En 1914, le banc se trouvait dans le Stadtpark, le parc de la ville. Il faisait face au Landtagsgebäude, le Parlement de Galicie, la province la plus orientale de l'Empire austro-hongrois.

Une décennie plus tard, le banc n'avait pas bougé mais il se trouvait dans un autre pays, en Pologne, dans le parc Kosciuszki. Le Parlement avait disparu mais pas le bâtiment qui abrite aujourd'hui l'Université Jan Kazimierz. A l'été 1941, lorsque le gouvernement général de Hans Frank avait pris le contrôle de la ville, le banc avait été germanisé et se trouvait désormais dans le Jesuitengarten, en face d'un ancien bâtiment universitaire, lui aussi dépouillé de son identité polonaise.
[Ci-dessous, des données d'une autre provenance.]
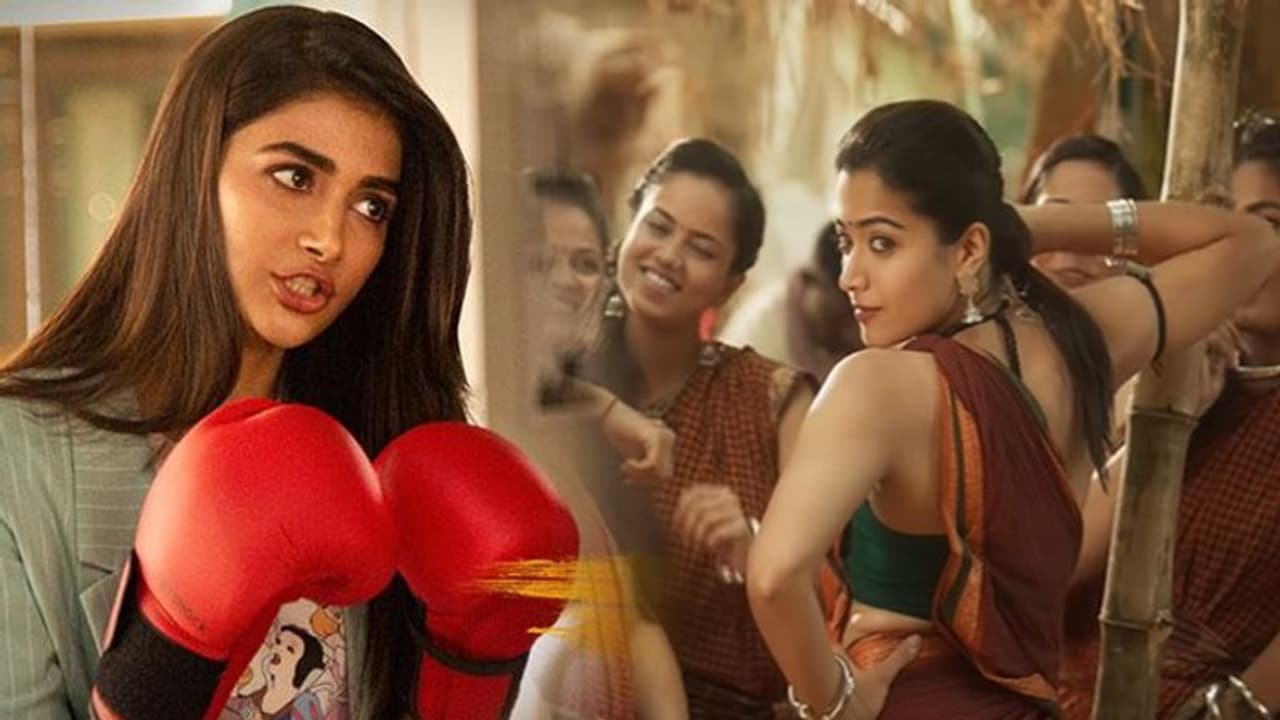 పూజా vs రష్మిక.. సంక్రాంతి పోరులో అందాల కోడిపెట్టలు పూజా vs రష్మిక.. సంక్రాంతి పోరులో అందాల కోడిపెట్టలు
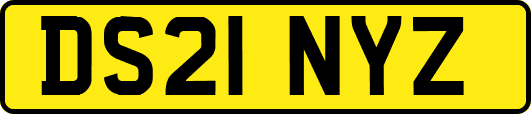 DS21NYZ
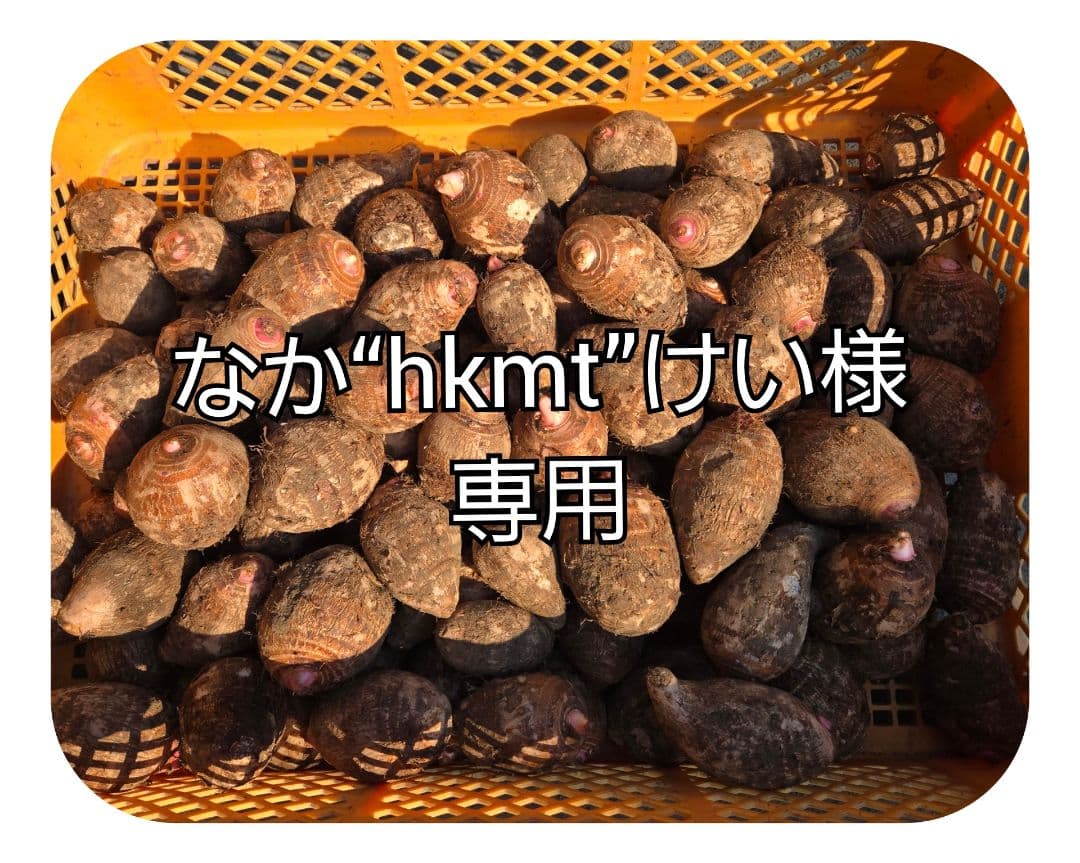 宮崎県産　里芋　赤芽芋20kg④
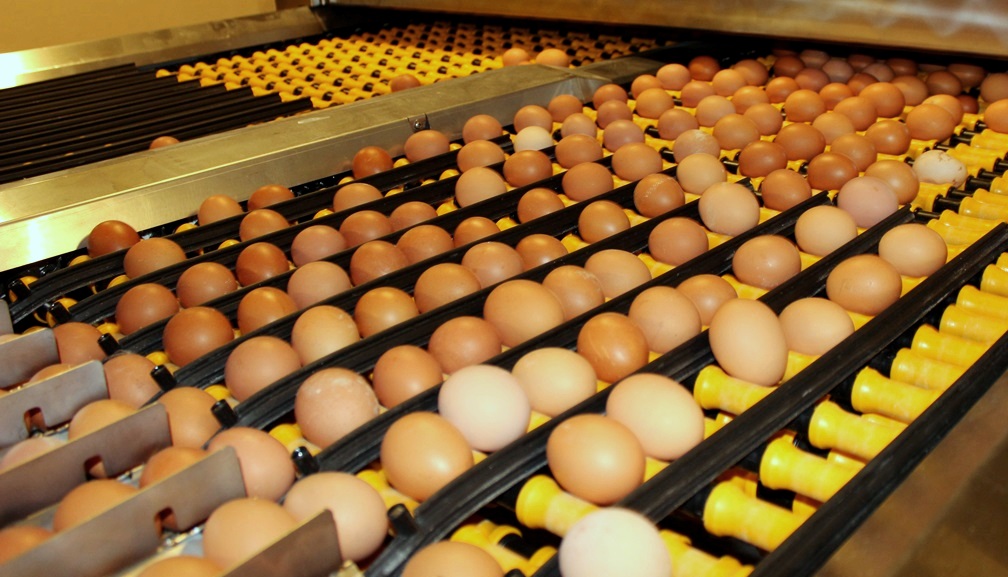Костромские предприятия произвели больше 417 миллионов яиц за пять месяцев
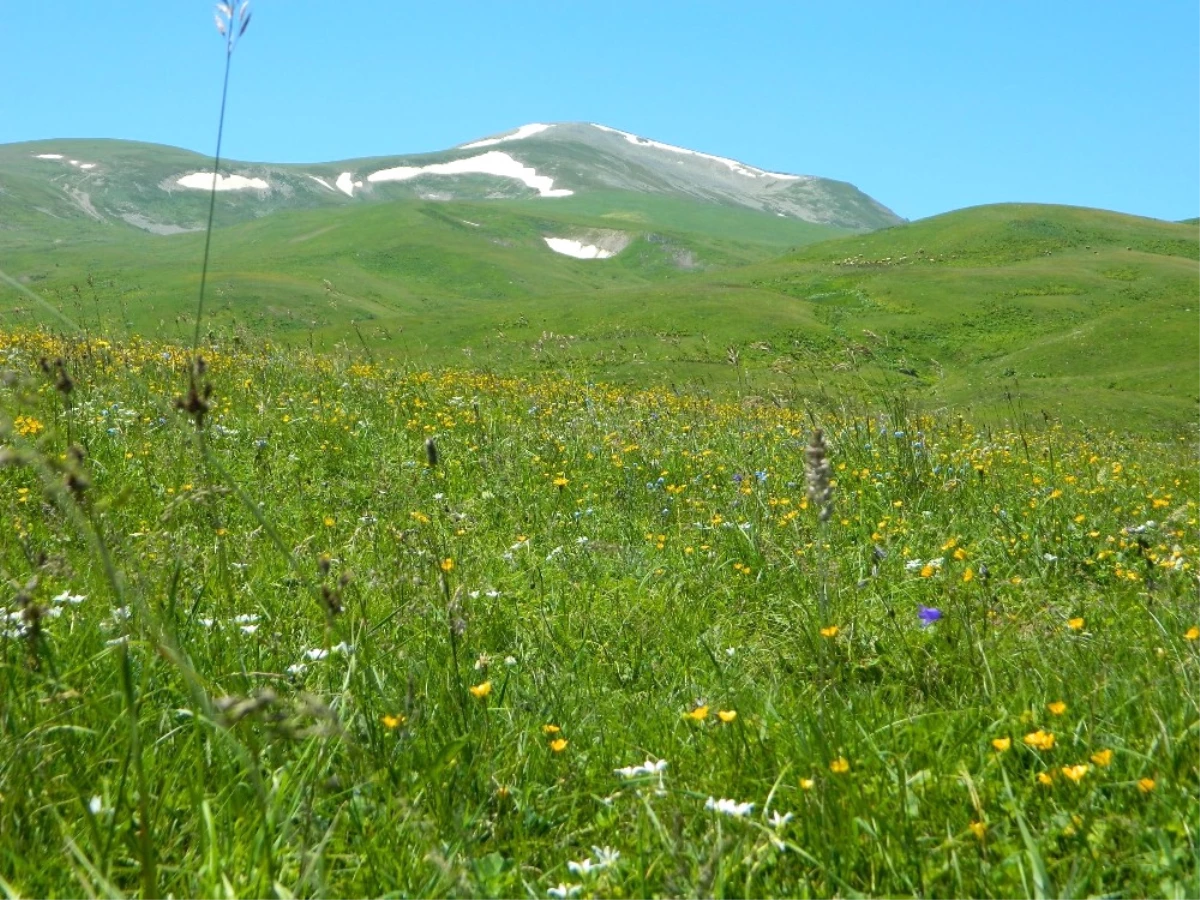 Urema Yaylası Karlı Dağları ve Rengarenk Çiçekleri ile Muhteşem Bir Doğal Güzellik Oluşturuyor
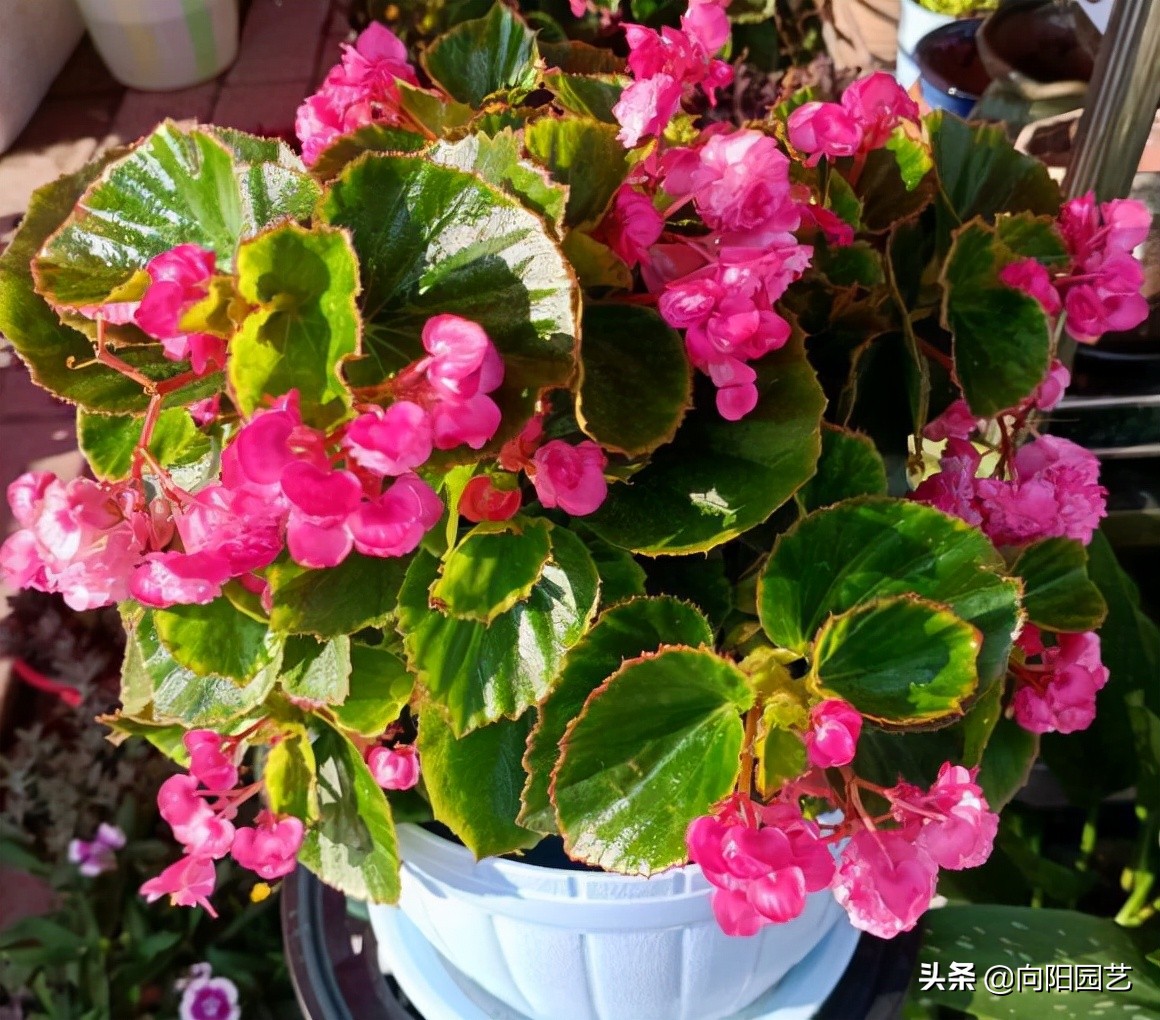 秋冬季节，可以养这5种花，放在阳台上，秋冬季节都是花期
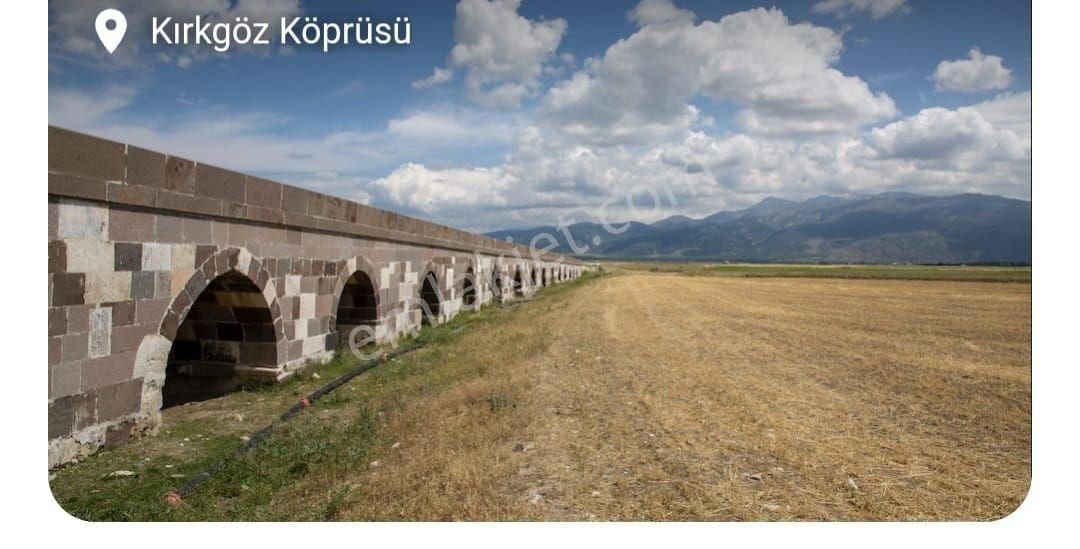 16500 Dönüm Tarla 800bin - Görsel 7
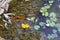 Carp in pond, colorful fish,  asian beautiful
Ces années de l'entre deux-guerres ont fait l'objet d'oeuvres littéraires nombreuses mais aucune ne décrit mieux que "Moj Lwow" la perte de ce qui fut. "Où êtes-vous maintenant bancs publics de Lwow (Lemberg) noircis par l'âge et la pluie, frustes et craquelés comme l'écorce d'oliviers médiévaux ?" se demande le poète polonais Jozef Wittlin en 1946.

Soixante ans plus tard, lorsque je m'approchai du banc sur lequel mon grand-père aurait s'asseoir un siècle plus tôt, j'étais dans le parc Ivan Franko, baptisé en l'honneur d'un poète ukrainien, auteur de romans policiers dont le nom ornait également le bâtiment universitaire.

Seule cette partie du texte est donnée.